Keywords: balance skills, infant nutrition, motor difficulties, preschool children, thiamin, thiamine deficiency

1. INTRODUCTION

During infancy and early childhood, the developing brain is particularly sensitive to nutritional deficiencies (Dias, de Freitas Silva, de Proença Doyle, & Ribeiro, 2013; Georgieff, 2007; Ivanovic Marincovich et al., 2014; Prado & Dewey, 2014; Rosales & Zeisel, 2008; Walker et al., 2011). Complete or partial deficiency of known micronutrients such as iron, iodine, folic acid, vitamin B12, and choline has proved to have adverse effects on cognitive, physical, and behavioral development (Dias et al., 2013; Grantham‐McGregor, Fernald, & Sethuraman, 1999; Guardiola, Egewarth, & Rotta, 2001; Swaminathan, Edward, & Kurpad, 2013; Walker et al., 2011). The present study focuses on infantile thiamine deficiency (ITD) and its long‐term effect on motor development.
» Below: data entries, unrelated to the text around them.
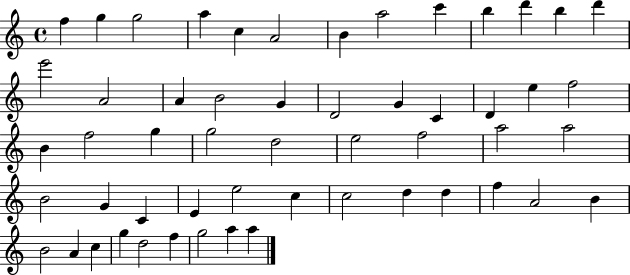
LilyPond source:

{
  \clef treble
  \time 4/4
  \defaultTimeSignature
  \key c \major
  f''4 g''4 g''2 | a''4 c''4 a'2 | b'4 a''2 c'''4 | b''4 d'''4 b''4 d'''4 | \break e'''2 a'2 | a'4 b'2 g'4 | d'2 g'4 c'4 | d'4 e''4 f''2 | \break b'4 f''2 g''4 | g''2 d''2 | e''2 f''2 | a''2 a''2 | \break b'2 g'4 c'4 | e'4 e''2 c''4 | c''2 d''4 d''4 | f''4 a'2 b'4 | \break b'2 a'4 c''4 | g''4 d''2 f''4 | g''2 a''4 a''4 | \bar "|."
}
Towards the end of 2003, about 20 Israeli children, all of them younger than 1 year of age, were admitted to several pediatric intensive care units in Israel. The infants presented with similar clinical signs and symptoms that included lethargy, vomiting, nystagmus, encephalopathy, seizures, and even coma (Fattal‐Valevski, et al. 2005; Kesler, Stolovitch, Hoffmann, Avni, & Morad, 2005; Kornreich et al., 2007; Shamir, 2012). Epidemiological investigation discovered that all had been fed with the same imported soy‐based infant formula, manufactured specifically for the Israeli market. The tests carried out by the Israeli Public Health Authority revealed that the formula contained <0.5 mcg thiamine/g formula instead of 385 mcg/g formula as claimed on the product label (Fattal‐Valevski et al., 2005; Shamir, 2012). A report on the acute and long‐term effect in a sample of 11 patients who were fed with the thiamine‐deficient formula revealed that three children died in the acute phase of cardiomyopathy (Mimouni‐Bloch et al., 2014). Of the eight patients who survived, one child who was in a chronic vegetative state died at the age of 7 years of respiratory complications. Follow‐up of the other seven children revealed that all experienced neurodevelopmental complications, including epilepsy, intellectual disabilities, language, and communication impairments at the age of 9 years. All these children displayed a wide range of motor dysfunctions ranging from motor clumsiness to severe motor disability (Mimouni‐Bloch et al., 2014).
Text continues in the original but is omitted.